SVM model with RBF kernel provides the highest performance amongst all algorithms, because it has highest AUC, accuracy, low FPR and high TPR (close to 1). LDA, kNN and GLM also showed quite good results. Naive Bayes performed weaker across the board with low AUC, accuracy and TPR. Random Forest showed average success.

It is quite expected that SVM with RBF kernel outperformed other models, because it usually works well even on a small data sets - when the amount of samples is small, but greater than the number of features, as in our case.

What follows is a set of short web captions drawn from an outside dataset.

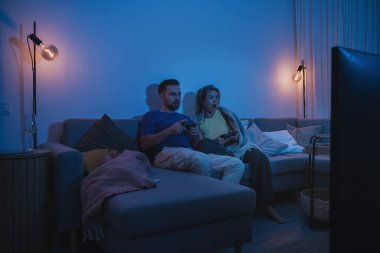 Çift, geceleri rahat oturma odasında video oyunu oynuyor..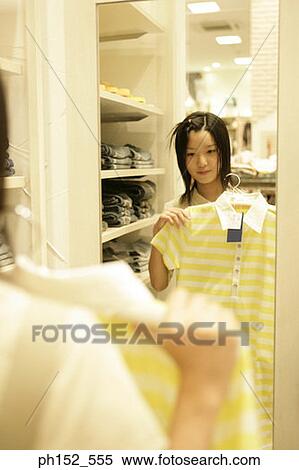 Stock Photography - Reflection of a teenage girl in a mirror holding a t-shirt in a clothing store. Fotosearch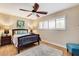 This cozy bedroom features a ceiling fan, light wood flooring, and large windows at 5260 N Jones Blvd, Las Vegas, NV 89130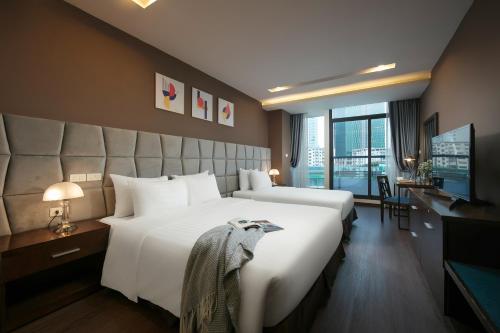 a hotel room with two beds and a television at Brilliant Me Tri Hotel & Spa in Hanoi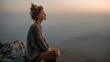 © Anjar Stock - Woman Seated in Peaceful Meditation at Sunrise on Mountain Top Retreat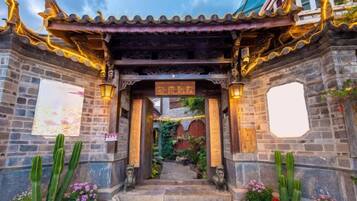 A traditional Chinese gate with ornate decorations and a stone pathway leading through it.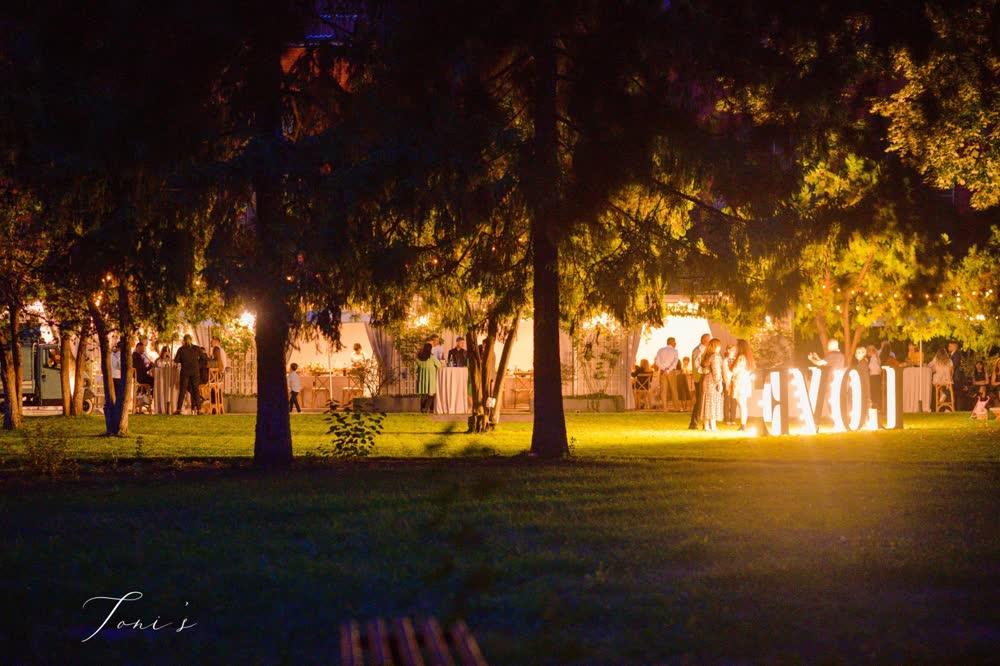 Grădina noaptea, sub copaci luminați, cu literele LOVE aprinse pe gazon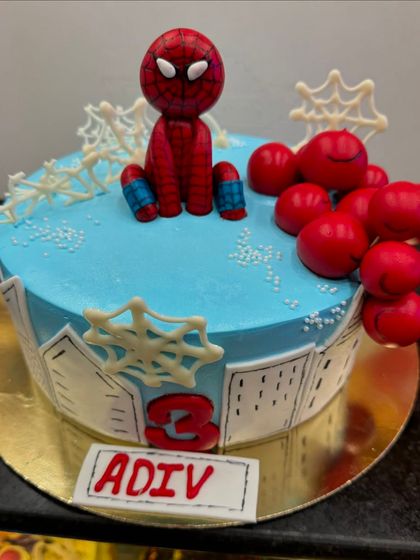 A more detailed Spiderman cake, this one includes a 3D fondant Spiderman figure and city building details along the side. It's a great example of how I can add dimension and storytelling to a character cake.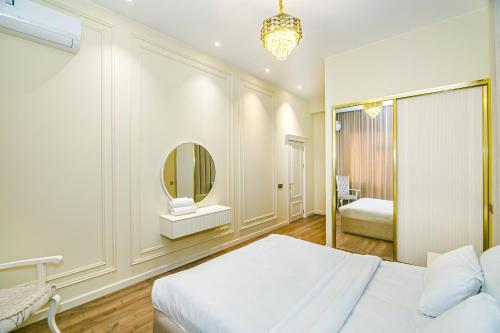 a bedroom with a white bed and a mirror at Radison Luxury Apartment Baku in Baku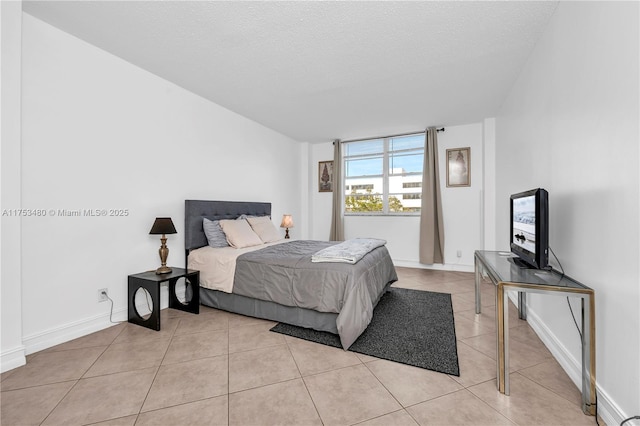 bedroom featuring a textured ceiling, baseboards, and light tile patterned floors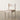 Wooden chair with a cushioned seat on a wooden floor against a white wall.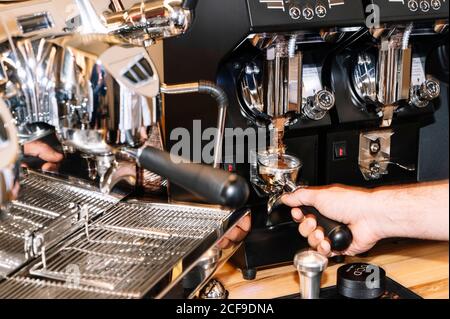 Male barista holding coffee in portafilter while making fresh beverage in professional coffee machine Stock Photo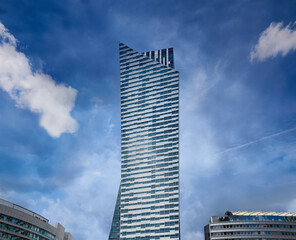 Obraz premium Modern residential skyscraper at dark blue sky. Copy space.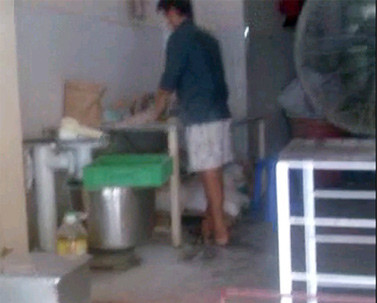 Nhân viên tay không nặn bánh, không khẩu trang và đồng phục lao động.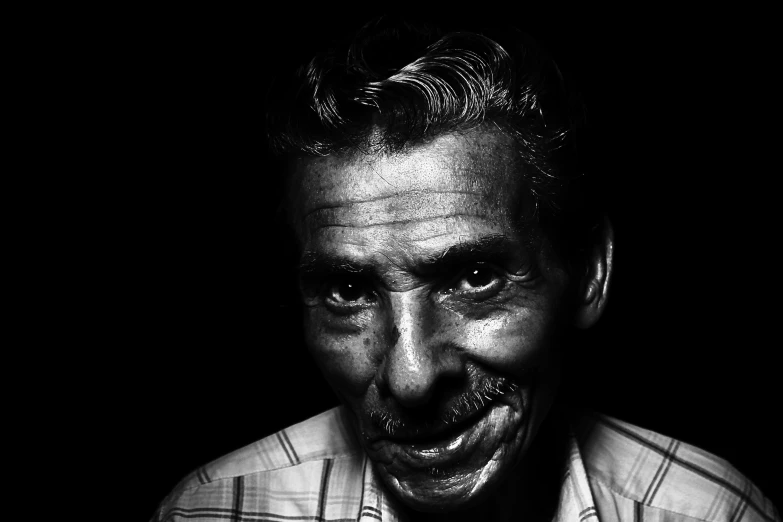 a black and white photo of a man making a funny face, inspired by Lee Jeffries, pexels contest winner, indian, color photograph portrait 4k, taken in the late 2000s, humanoid face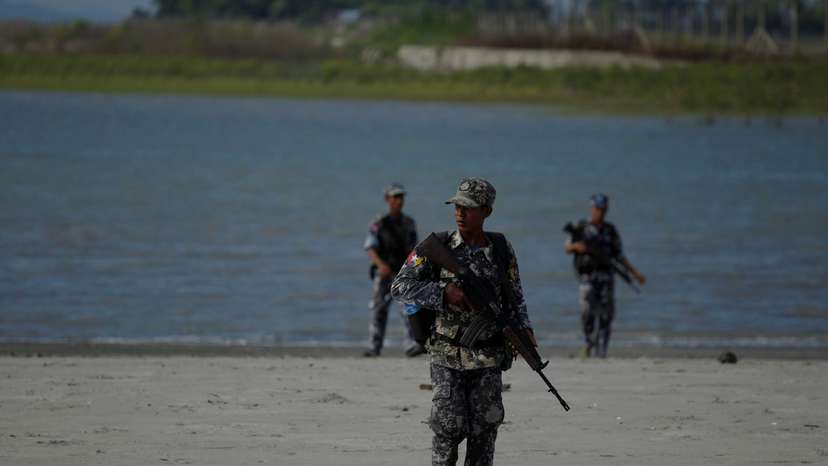 FILE PHOTO: Myanmar border guard police force patrol near the Myanmar-Bangladeshi border outside Maungdaw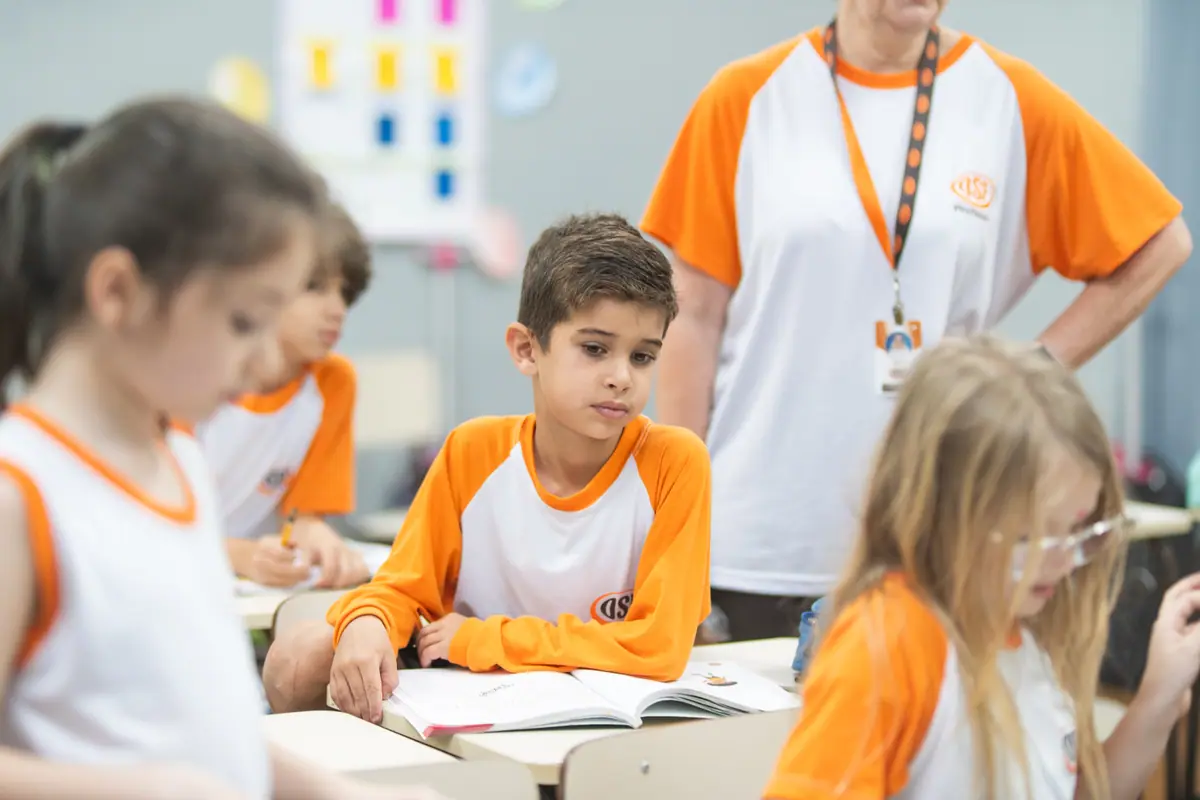 Professora acompanha em pé o aluno que estuda com o livro aberto na carteira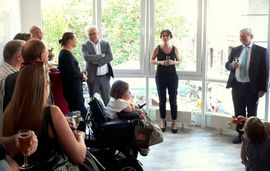 Menschen im Halbkreis als Zuh&ouml;rer und vorne eine Frau die eine Rede h&auml;lt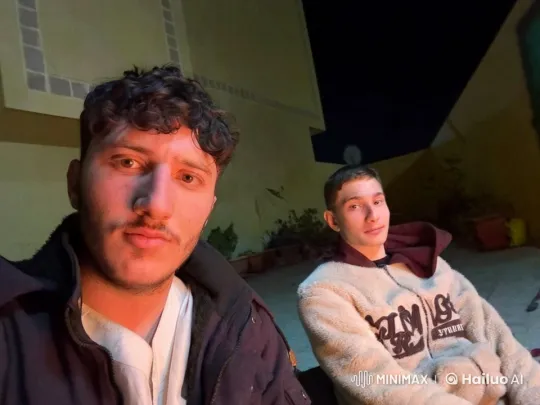 Nighttime Reflection: A Man Smokes in Peaceful Ambiance – AI Generated Video | Hailuo AI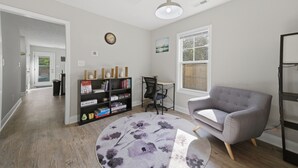 Ein Wohnzimmer mit grauem Sofa, einem runden Teppich, einem Bücherregal und einem Schreibtisch.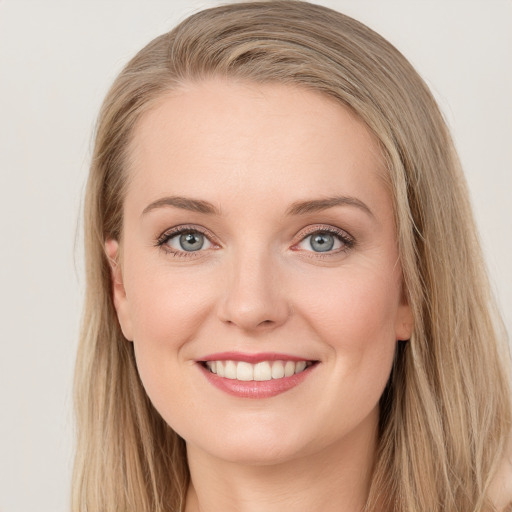 Joyful white young-adult female with long  brown hair and blue eyes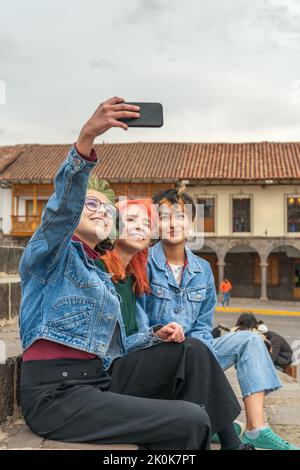Weibliche Freunde, die Selfie-Fotos auf dem Handy machen, während sie sich in der Stadt Cusco ausruhen Stockfoto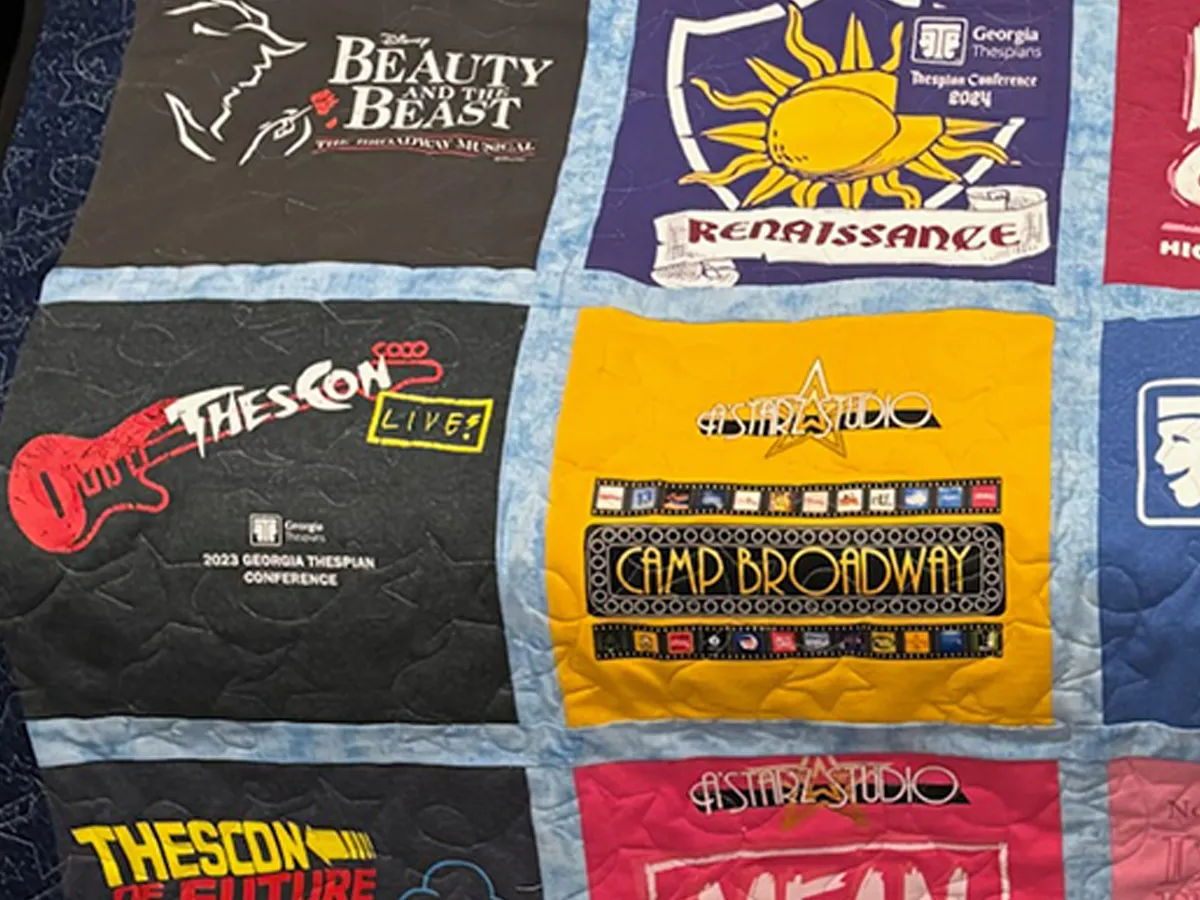 Close-up of a high school theater t-shirt memory quilt with star border fabric and star stitch quilting, resting on a couch in Wesley Hall's Atlanta studio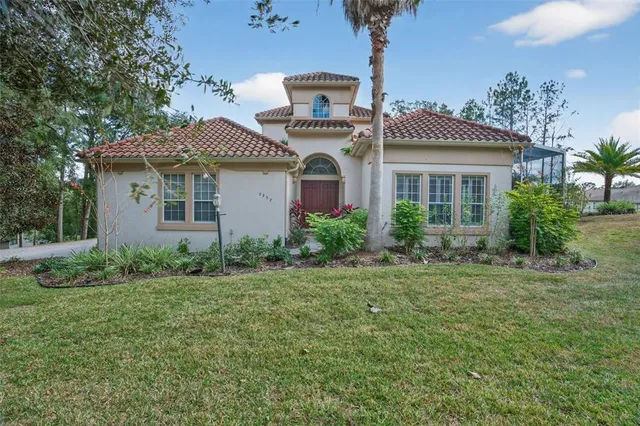 front view of a house with a yard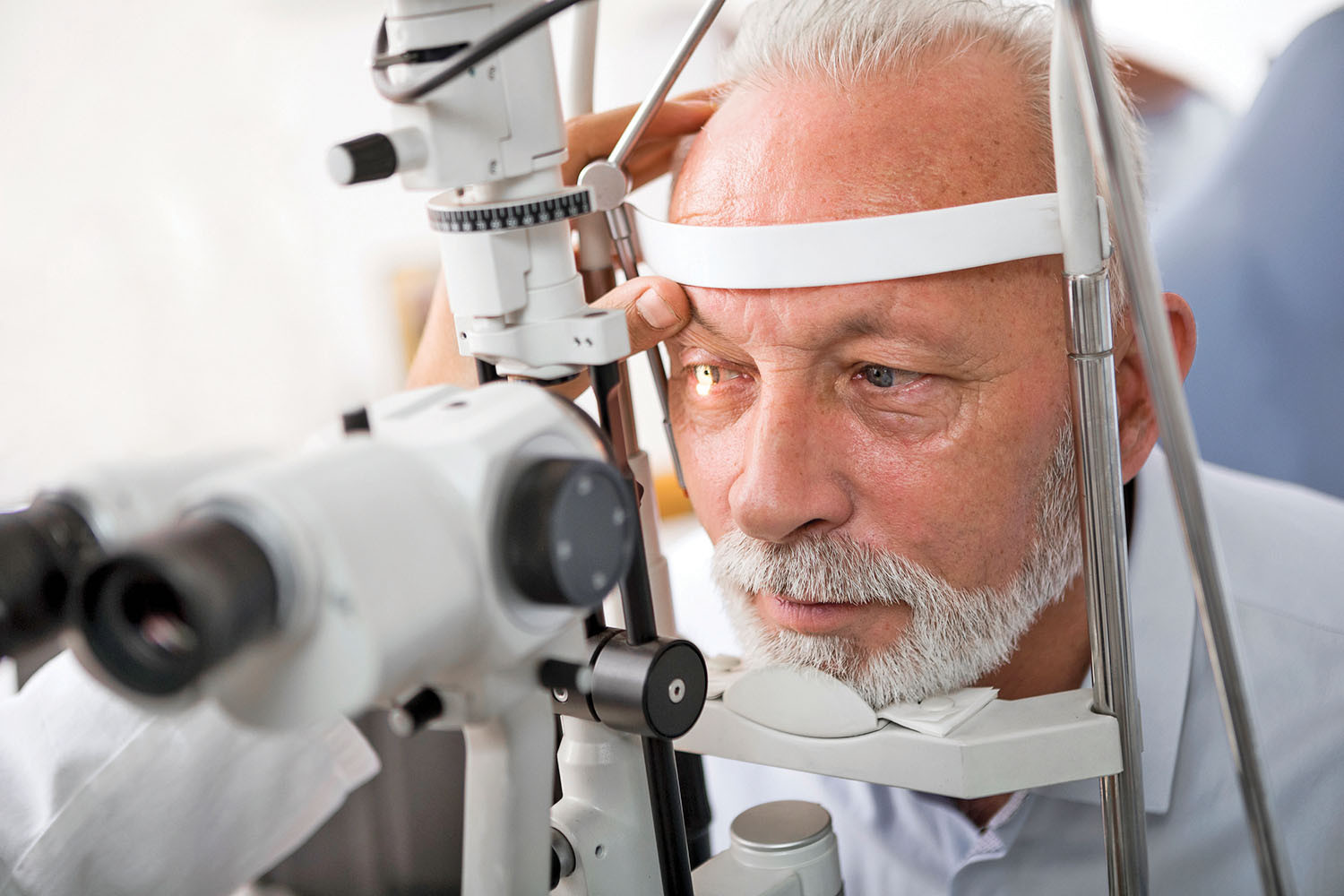photo of a mature man having his eye pressure checked during an eye exam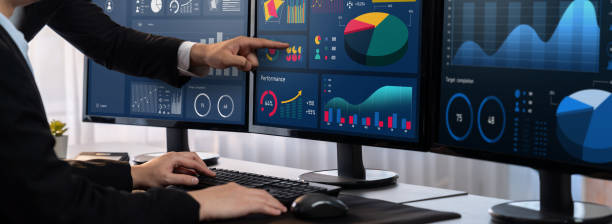 istock Analyst working on BI dashboard on computer monitor. Trailblazing 1910011242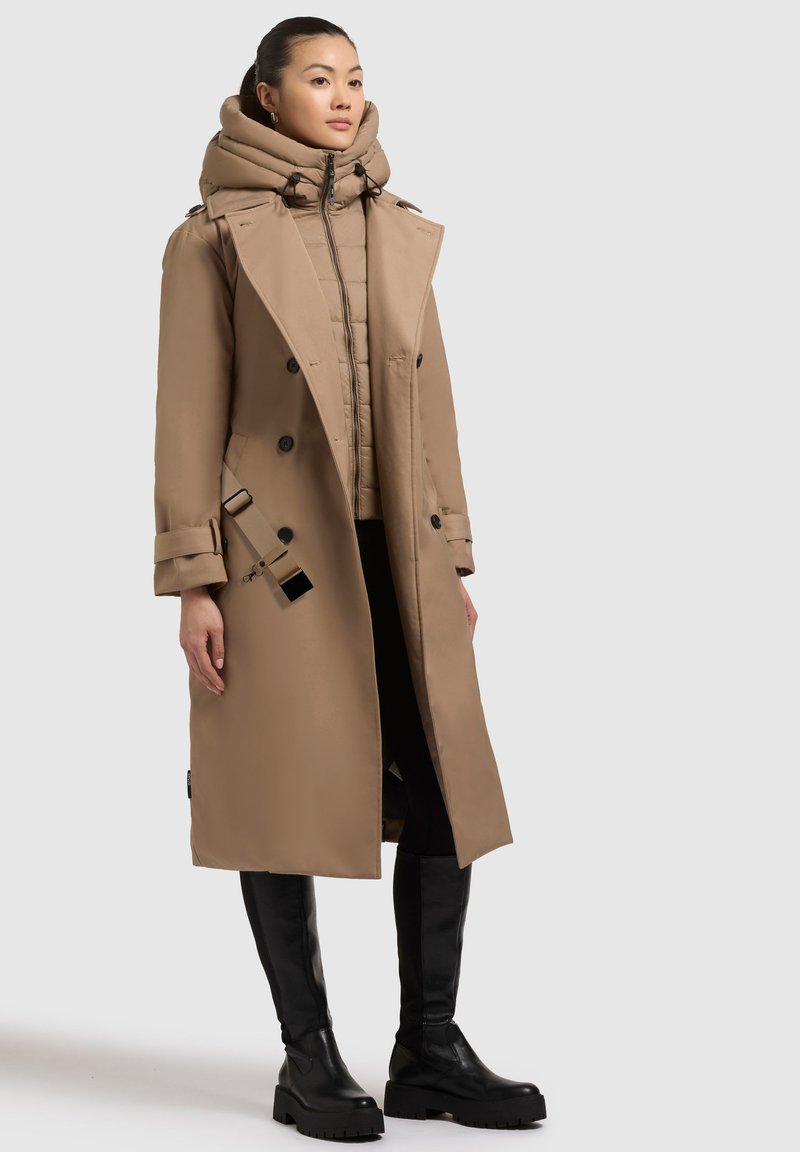 Trench coat beige con fodera imbottita e cappuccio staccabile. Presenta bottoni doppi e accentuazioni con cintura. Il modello indossa stivali neri fino al ginocchio.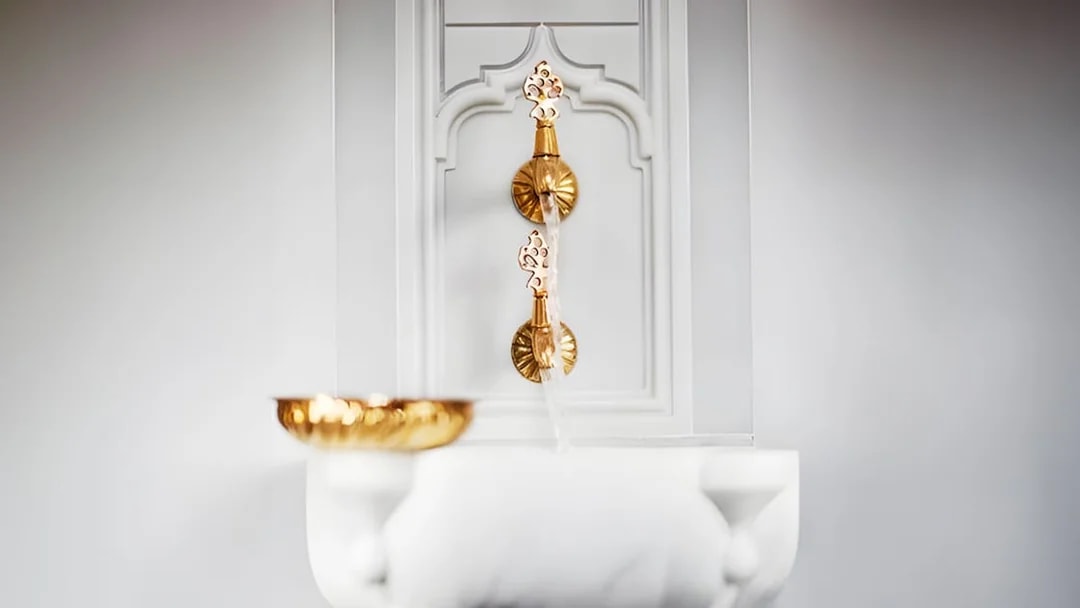 Golden taps and marble basin in Hurrem Sultan Hamam, Istanbul.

Naive Bayes was a weak model. All variables in our data set are categorical and if categorical variable has a category (in test data set), which was not observed in training data set, then model will assign a 0 (zero) probability and will be unable to make a prediction. This is often known as “Zero Frequency”. To solve this, we can use the smoothing technique. One of the simplest smoothing techniques is called Laplace estimation. Also Naive Bayes needs big data set in order to make reliable estimations of the probability of each class, otherwise precision and recall will keep very low. And the assumption of independence among predictors makes Naive Bayes model hard to use, because in real life, it is almost impossible that we get a set of predictors which are completely independent.

AUC would be preferred measure of classifier performance than accuracy for the following reasons:

AUC does not bias on size of evaluation data
Also accuracy depends on setting a probability cut-off (for balanced data this is fine, but in the imbalanced case the minority class probabilities may be all below 0.5, while AUC considers the ranking of positives and negative according to probability minority.)
Metric like accuracy is calculated based on the class distribution of test dataset or cross-validation, but this ratio may change when we apply the classifier to real life data, because the underlying class distribution has been changed or unknown. On the other hand, TP rate and FP rate which are used to construct AUC will be not be affected by class distribution shifting.